Sunday, July 19, 2009

My Farmers' Market

Yesterday morning I went to the local farmers' market in Canton where I live. Many cities have them these days. They provide fresh produce for less than the corporate chains--even if they are unionized--are able to do. Because I wasn't there at the opening hour, the couple I buy from was already sold out of organic vegetables. They had lots of herbs left, but I have those.

So I tried some new booths, asking at each one if they sold organics. Most of them said the same thing: it takes years to become certified by government agencies to say they are organic farmers, but they avowed that they used organic compost to plant in and didn't spray.

I decided to trust them because when I eat in a restaurant, regardless of how good the food is, I have no idea where the food comes from or how it's been raised. At one booth, I buy red potatoes, the small ones for potato salad. At the next one, an old Amish couple sell me golden tomatoes and bright purple bean they promise will turn jade green when I cook them. New colors for familiar vegetables. Children could string the beans and wear them around their necks.

One thing I like about the market is how people come downtown. How they talk, interact, listen to the weekly musician. This week it was a guy in a pork pie hat playing saxaphone to a prerecorded sound system. Across the street there is a yoga class stretching on the grass. Half a dozen dogs are there. But no one has set out water for them. And there are no authorities--the police only show up at night events. Maybe they think crime sleeps in on Saturday mornings, or stays in to watch cartoons.

After I get home, I pull cookbooks off the shelf. Shopping this way makes me aware of how local food is seasonal. This week I will eat what is ripe, right here. I can always make a soup, curry or an etoufee. An Italian cookbook gives me a recipe for steamed beans tossed in olive oil with tomato bits and fresh basil and oregano, I have those things, and will add some goat cheese. For the potatoes, after I boil them, I'll add a cream sause with jalapeno pepper and curry. I have a loaf of French batard from Hazel Artisan Bakery in North Canton, and half a bottle of Chilean Cabernet.

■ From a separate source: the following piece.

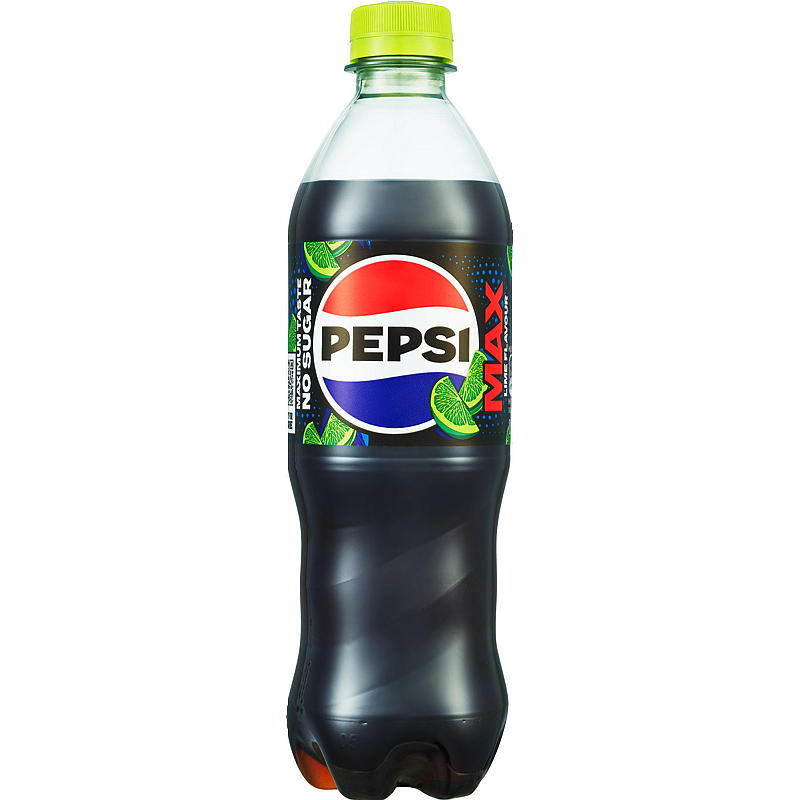 Pepsi Pepsi Max 0,5 l Lime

When all is ready to eat, I'll use my internet to get a Latin salsa channel, and read a book, maybe the one on Hemingway in Cuba. How ironic that all this is available to the remains of the middle class life in America because we are the ruling empire. It's not ironic that it's a hard concept to digest.

Monday, June 15, 2009

Reinvention

Are boundaries fixed or are they moveable? A man crosses a border, moves to a new land, takes up the language. Even his name sounds different in the new tongue. Is he the same man when John becomes Juan, Sean, Ian, or Ivan?

Once the world had been mapped, space was the new frontier (frontera meaning border). But we can see our own house from space on Google maps.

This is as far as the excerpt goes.